Radiological differentials for CaW encompass atherosclerotic plaque with plaque rupture, carotid artery dissection, and fibromuscular dysplasia (FMD). However, the regular morphology of the filling defect, lack of calcium deposits and signs of intramural hemorrhage make atherosclerotic plaque unlikely in our patient. Furthermore, neither CTA nor DSA revealed the presence of an intimal flap, and no other stenotic segments were identified in our imaging studies, reducing the probability of carotid artery dissection and FMD.

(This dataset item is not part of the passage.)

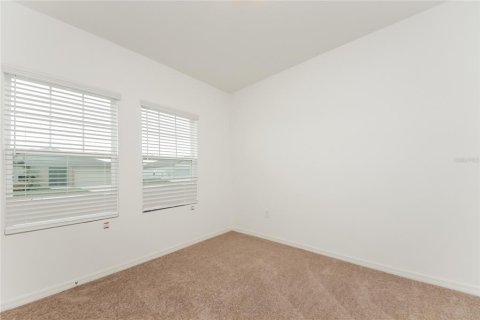 Casa en alquiler en Haines City, Florida, 3 dormitorios, 151.99 m2 № 1803998 - foto 13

CTA has shown superior diagnostic accuracy compared to carotid US in diagnosing CaW . It is thus expected yet remarkable that the carotid Doppler ultrasound failed to identify the condition in our patient. A plausible explanation could be that the CFFT masked the contiguous congenital anomaly or that lack of knowledge of the possible co-occurrence of the two conditions limited the interpretation of the study. In line with this rationale, we argue that CaW may be a possible undiagnosed cause of CFFT when a complete radiological assessment is not undertaken, especially in young adults without traditional cardiovascular risk factors. Collectively, several radiological CTA and DSA signs helped to discriminate CaW from CFFT in our case. The CaW was located in the posterior part of the internal carotid bulb, below the origin of the CFFT. The linear filling defect was projected perpendicularly to the vessel flow direction in CaW, in contrast with CFFT. The CFFT was partially resolved at DSA, whereas the CaW was still present. Finally, contrast agent stagnation was detected in the carotid web during the DSA venous phase.

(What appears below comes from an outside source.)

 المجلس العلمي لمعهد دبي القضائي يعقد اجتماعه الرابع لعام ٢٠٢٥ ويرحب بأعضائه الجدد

As a secondary prevention, our patient was successfully treated with CAS and transitory DAPT. Evidence of the best management is currently lacking in the literature. Indeed, secondary prevention strategies for CaW and CFFT are based on small case series and expert consensus, as no specific guidelines or clinical trials have been designed to date. Concerning CaW prevention, current strategies aim to avoid long-term complications arising from the high stroke recurrence rates. Although chronic pharmacologic management with anti-platelet agents would fall within current guidelines  also anticoagulant agents seem an attractive option from the pathophysiological standpoint. Nevertheless, small case series have demonstrated high recurrence rates in patients receiving solely medical treatment . Accordingly, many patients are treated invasively with CAS or endarterectomy (CEA) with satisfactory results [9, 12, 15]. Although CEA was initially the primary proposed invasive treatment option, there is a growing trend towards CAS, particularly in situations involving high surgical risk or anatomical contraindications to CEA [9, 12, 15]. However, it’s worth noting that the relatively young age of many CaW patients introduces challenges, particularly regarding the necessity for long-term antiplatelet therapy [3, 4, 12]. Conversely, CFFT represents a time-sensitive finding with early and urgent management implications where both antithrombotic agents and surgical treatment have been used [5, 6]. Therapeutic implications stemming from the co-occurrence of the two conditions need thus to take into account both the urgent timeframe set by CFFT and the long-term window encompassed by CaW.